In this article we want to take some fear out of deep water fishing.
Bass spend a lot of time out deep, especially in the warmest and coldest months of the year. They’re searching for the optimal water temperature and oxygen levels so that they can be the most comfortable. Let’s find out what you need to know to catch bass that are lurking out deep.
Pay Attention to the Shoreline
Back in the old days of bass fishing, before technology took over and made finding offshore spots easier to find, the best deep water anglers would triangulate spots on the shore to figure out where to fish. They’d do this by using traditional lake maps and by paying attention to how the topography on the shoreline would look underwater.
If you see a long, slopping point that comes out into the water that has a gradual drop, it’s a good bet that it’s going to continue that way as it goes deeper into the water. Spend some time getting to know how the bottom feels with something like a heavy football head jig. Keep contact with the bottom and work the top of the point, the sides and work the jig from shallow to deep and also from deep to shallow. This is a great way to find how the bass are positioning and often you can come across a school.
Steep cliffs and drop offs can be another great starting spot for fishing deep. You can easily fish a drop shot straight down to find the depth. Bass like vertical walls, as they are a great place to trap schools of baitfish or find craws hiding in the holes. During the months that they go deeper, bass like easy access to bait, in places they can move up and down without expending a ton of energy.
Pay close attention to the type of bottom that is on the shore. Are there big rocks, small pebbles, sand? Does the shoreline transition from muddy bank to rocky shoreline? These types of details can help you identify what is going on under the water. Transition banks can be an excellent gathering place for bass to hold. Search the bottom with a crankbait or swimbait, something that can be fished quickly. When you catch a fish, make a few more casts and then slow down with a finesse bait like a jig or worm.
Dedicate Yourself to Deep Water
The best way to gain confidence fishing in deeper water is to force yourself to spend time gaining experience. When you head to the water on a summer day, commit to doing nothing but fishing deep. Don’t be tempted by the shallows. The more time you spend on it, the more confidence you’ll have. Once you catch a few fish, it won’t seem as daunting and will get more and more comfortable.

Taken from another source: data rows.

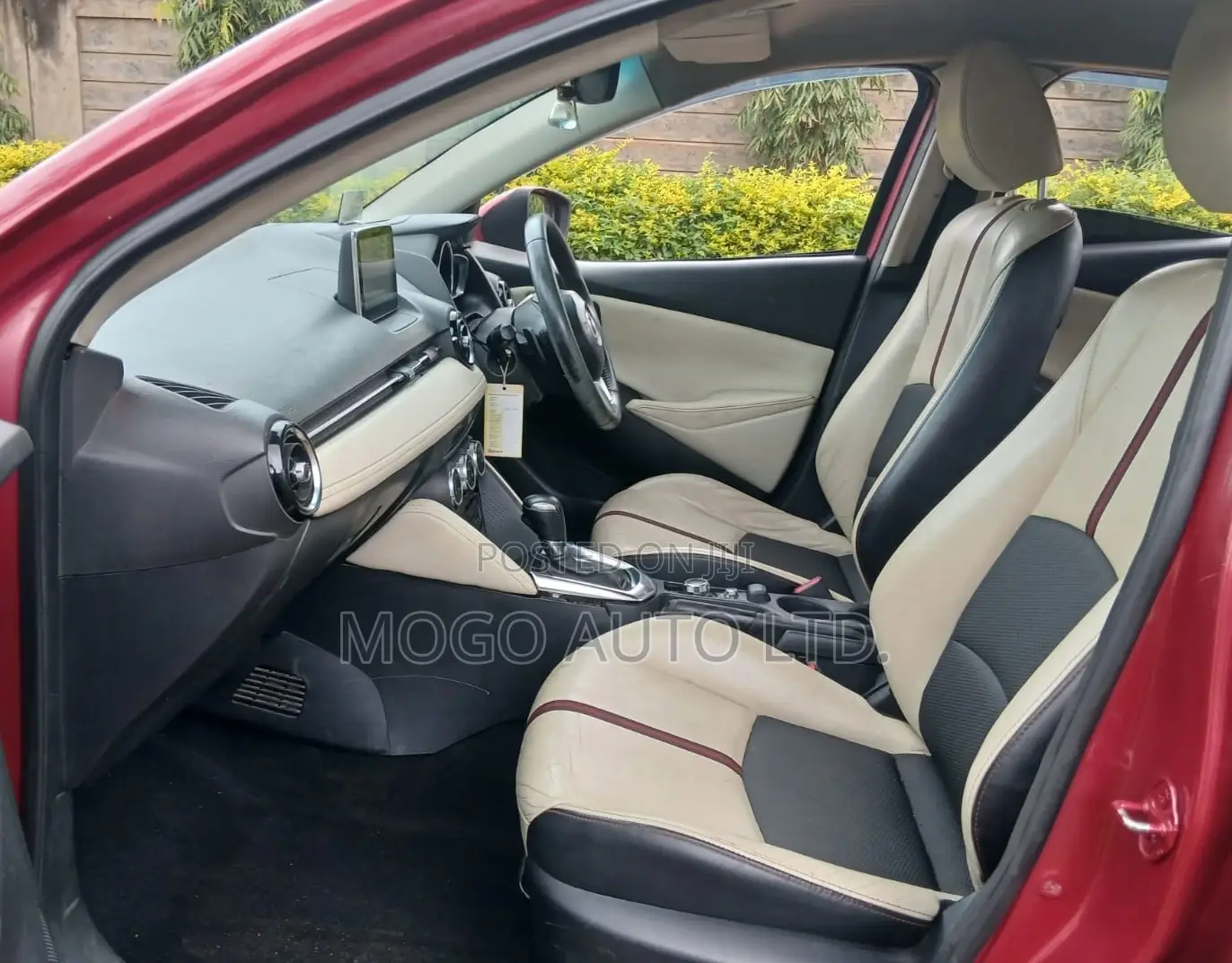 Mazda Demio 2015 Red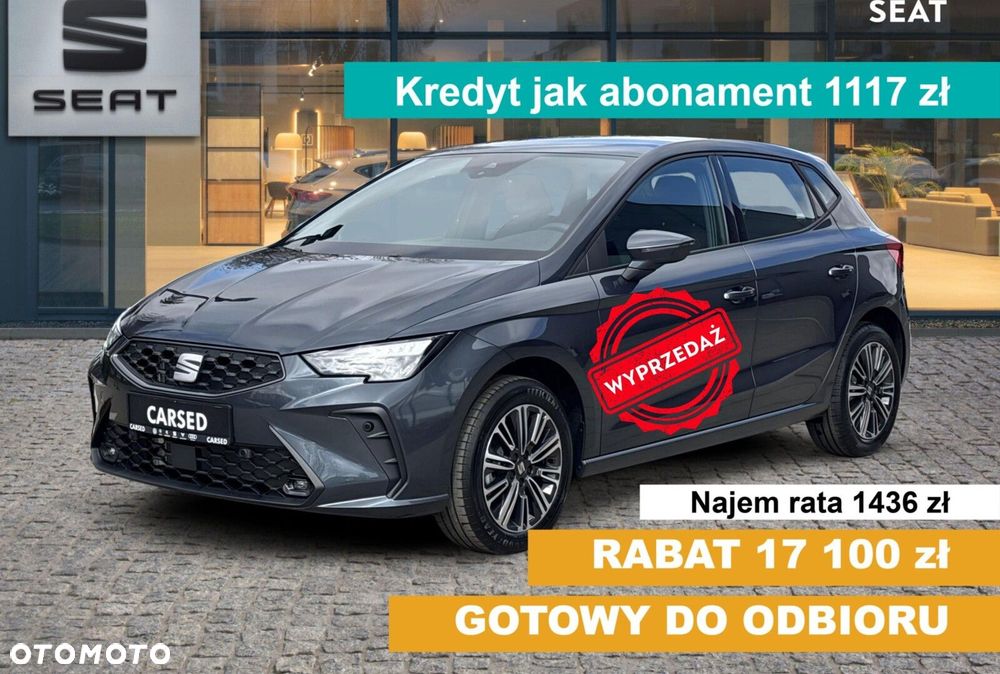 SEAT Ibiza 1.0 TSI 115 KM Style 7-biegowa automatyczna
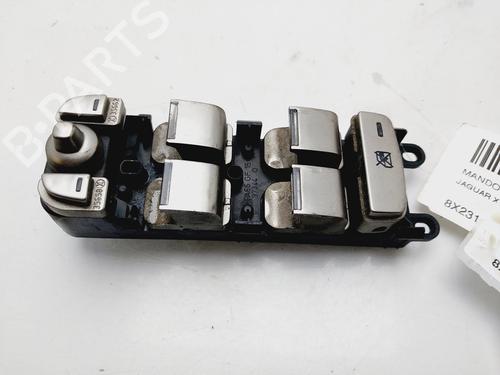 Venstre fortil elrude kontakt JAGUAR XF I (X250) 2.7 D (207 hp) 18353491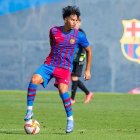 Diego Almeida del FC Barcelona a la Tri.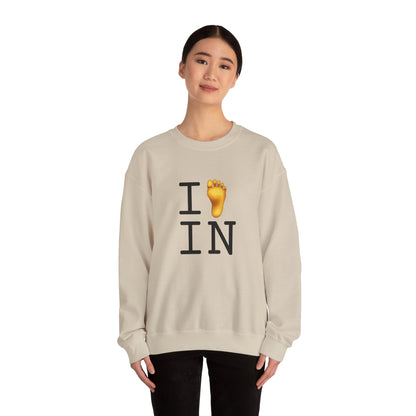 "I Foot Indiana" Sweatshirt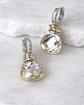 Aros Milano Cristal Gold & Silver  - Miniatura 3
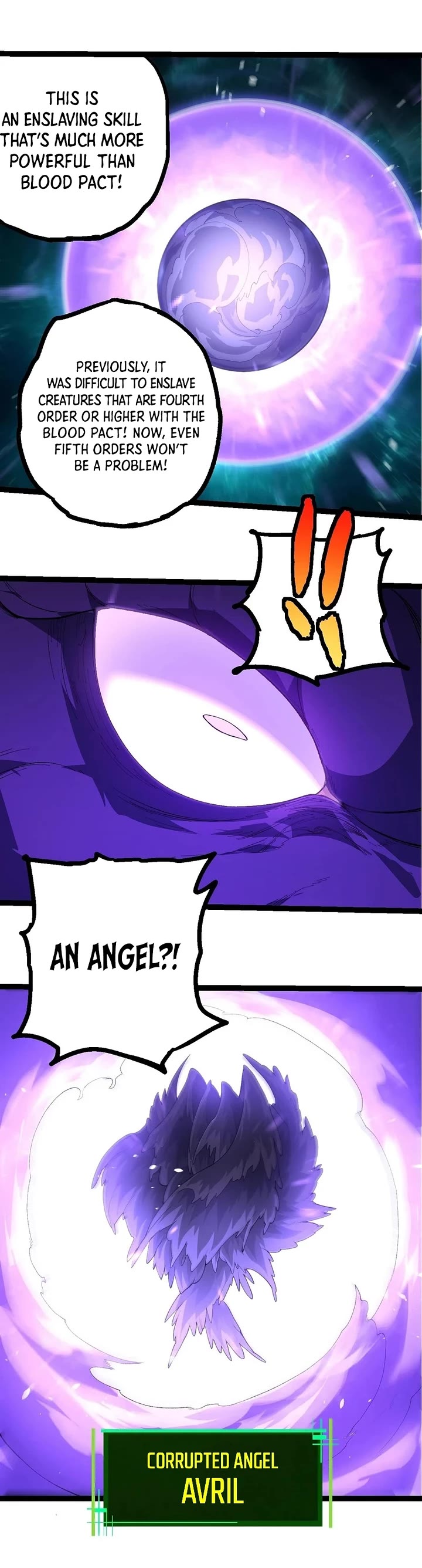 Evolution Begins With a Big Tree Chapter 419 page 22 - Chapter 419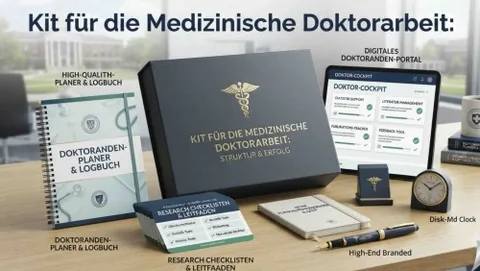Produktbild Master-Kit für die medizinische Doktorarbeit
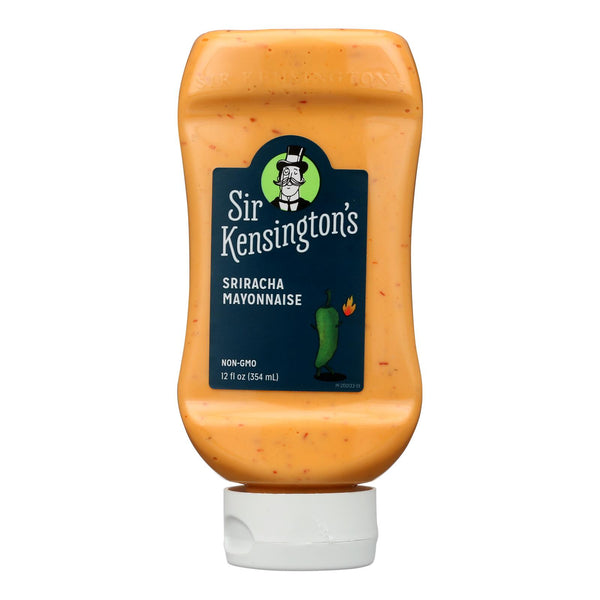 Sir Kensington's - Mayo Sriracha Squeeze Btl Gluten Free - Case of 6-12 Fluid Ounce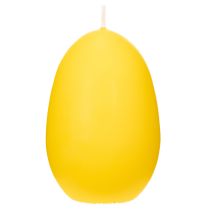 Artikel Påskeæglys til påskedekoration i stuen, attraktivt og perfekt til påske, 9 cm, 20 timer, 6 stk.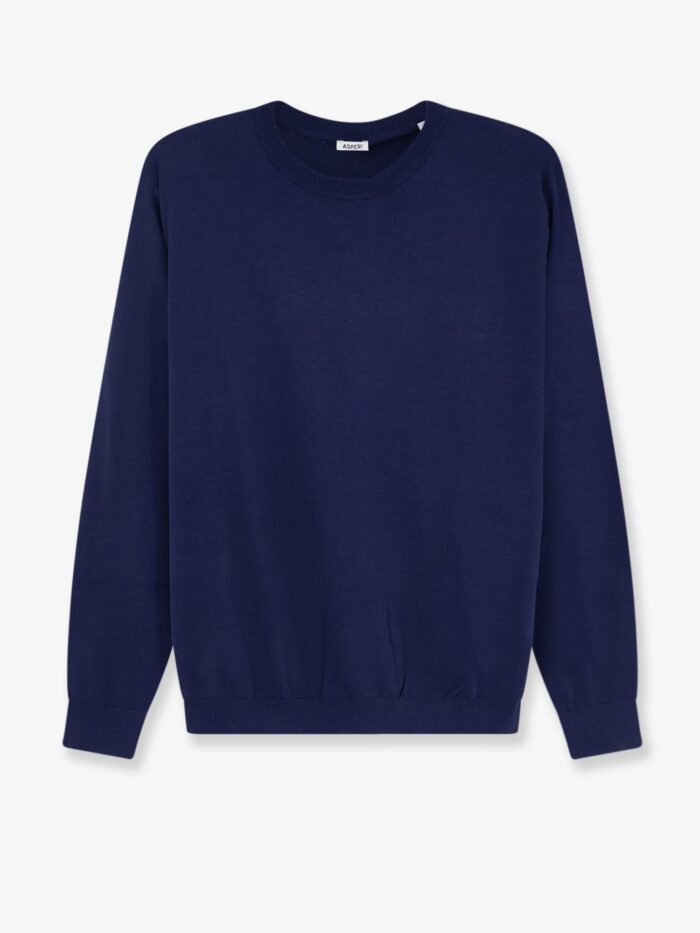 aspesi cotton, silk and linen sweater ASPESI Cotton, Silk And Linen Sweater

Pay really close attention to every fish you catch. Where are you? How deep was the fish you caught? What does the shoreline look like? What time of day? All of these things will help you create a picture of the conditions and make it easier to determine where and how to fish the next time you’re on the water.
Experiment with different techniques that maybe you haven’t tried before. Drag a Carolina rig or fish a vertical spoon. Things that are typical deep water techniques that you won’t normally use up in the shallows. Figure out the little details about these approaches by watching videos and reading articles. Keep fishing these new baits until you’re comfortable.
Practice Makes Perfect
A few years back a new deep water technique started being talked about online and in the fishing magazines. It was a Japanese technique that had found its way to the US called spybaiting. By now, you’ve probably heard about it and maybe even tried it. Many anglers avoided it, because of the fact that it required light line and a very slow retrieve. It’s a small, weighted prop bait, the most popular on the market being the DUO Realis Spinbait.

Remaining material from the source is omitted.